Nasib Gundik Era Kolonial dan Hari Ini
Roebiam bersama kedua putrinya tahun 1920 (Sumber: Reggie Baay/Repro buku Nyai dan Pergundikan di Hindia Belanda 2010)

Bagikan:

JAKARTA - Kata "gundik" jadi perbincangan di jagat Twitter. Perbincangan muncul menyusul utas yang dibuat sebuah akun Twitter tentang dugaan perselingkuhan yang melibatkan sejumlah petinggi Garuda Indonesia.

Merujuk ke Kamus Besar Bahasa Indonesia (KBBI), istilah gundik memiliki dua pengertian. Pertama adalah istri tidak resmi atau selir. Yang kedua, gundik juga dikonotasikan pada istilah perempuan peliharaan.

Sejarah menafsirkan gundik dengan definisi senada. Pendiri komunitas Historia, Asep Kambali mengatakan, istilah gundik muncul pada zaman kolonial sekitar tahun 1800-an. Dalam kemunculannya, istilah gundik digunakan untuk menggambarkan perempuan-perempuan yang dikawini tanpa dinikahi.

“Saya belum bisa memastikan istilah ini dari mana, tapi sepertinya istilah ini dari Bahasa Jawa atau Sanskerta. Kalau sekarang, istilah gundik itu istri siri, begitu.

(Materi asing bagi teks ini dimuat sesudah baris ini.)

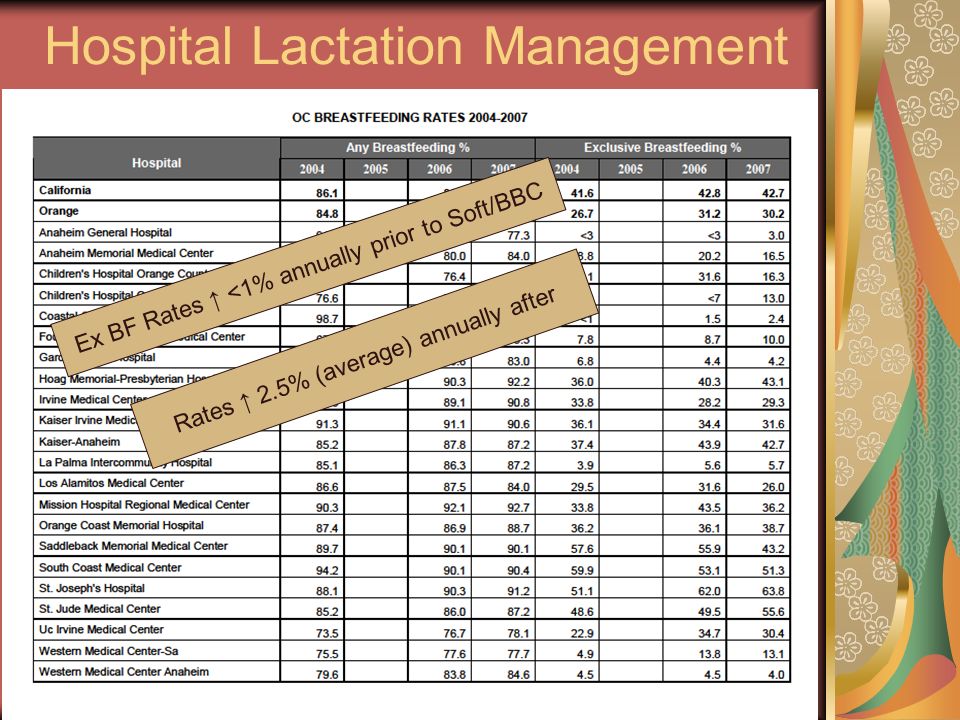 Hospital Lactation Management Ex BF Rates ↑ <1% annually prior to Soft/BBC Rates ↑ 2.5% (average) annually after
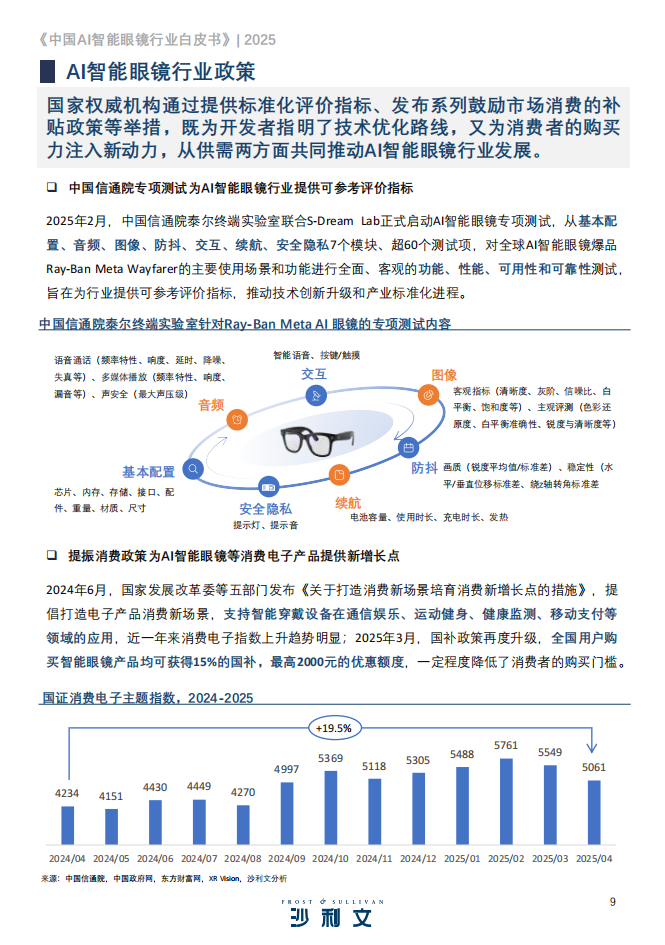 2025中国AI智能眼镜行业白皮书,AI,智能眼镜,AI,智能眼镜,第9张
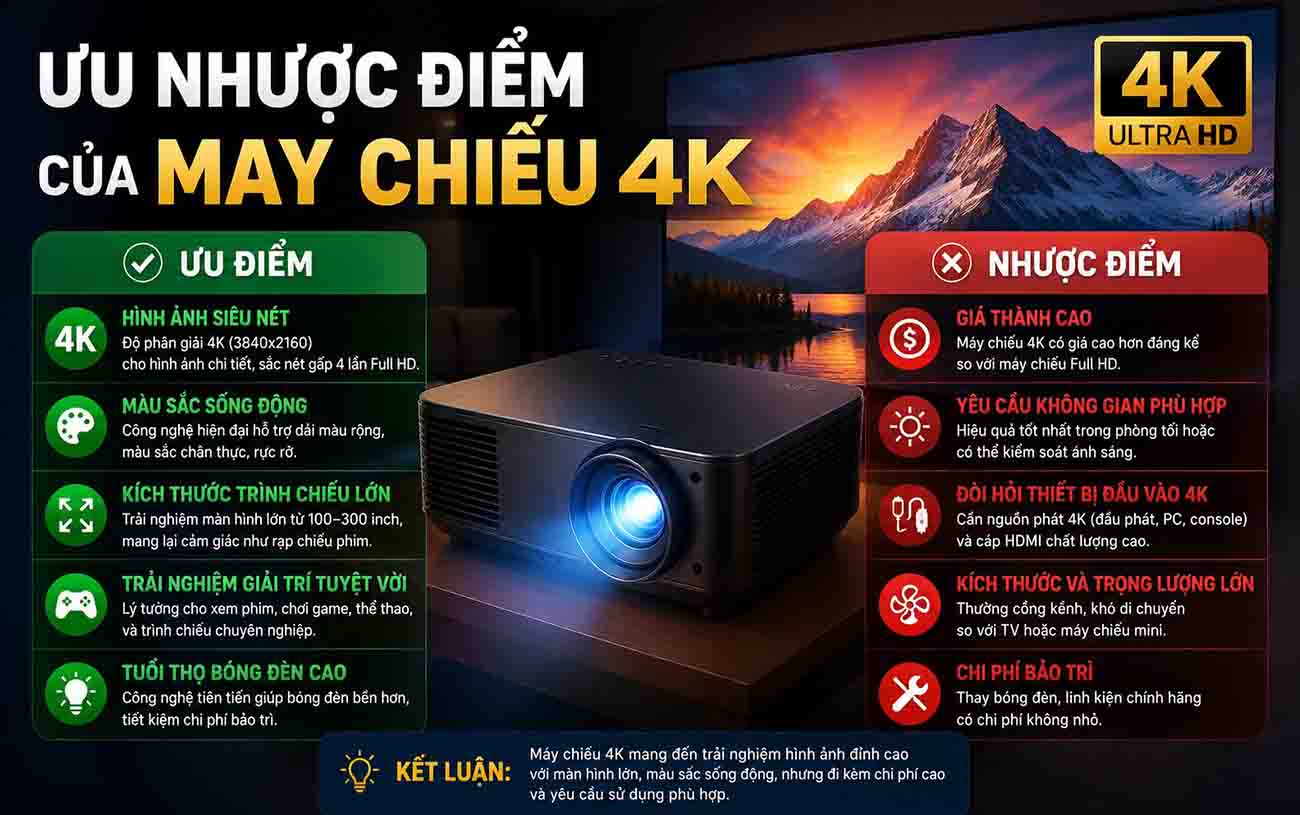 Ưu nhược điểm của máy chiếu 4k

Dia bisa membantu urusan sehari-hari, mulai dari dapur hingga kasur. Tapi dia bisa ditinggal begitu saja, sesuai keinginan si tuannya,” tutur Asep, dilansir Kumparan, Selasa, 10 Desember.

Meski senada dalam definisi, sejatinya nasib gundik hari ini jauh berbeda dengan nasib gundik di zaman kolonial. Hari ini, istilah Gundik merujuk pada wanita simpanan para laki-laki berharta. Para gundik biasanya hidup dengan gaya hidup glamor dan dikelilingi barang mewah asupan lelakinya.

Di zaman Belanda

Pada masa kolonial, para gundik tak hanya dijadikan simpanan. Mereka juga dijadikan pelayan bagi orang-orang Belanda zaman dulu. Arsip surat kabar De Waarheid edisi 30 Oktober 1986 menceritakan praktik gundik menjadi suatu budaya yang diwarisi sejak masa kekuasaan VOC dan berlanjut hingga masa Hindia-Belanda.

Sejarawan Reggie Baay menuturkan, saat itu para lelaki Belanda memelihara gundik untuk melampiaskan kebutuhan biologis. Kondisi itu didorong oleh keberadaan mereka yang jauh dari istri yang menetap di Negeri Dam.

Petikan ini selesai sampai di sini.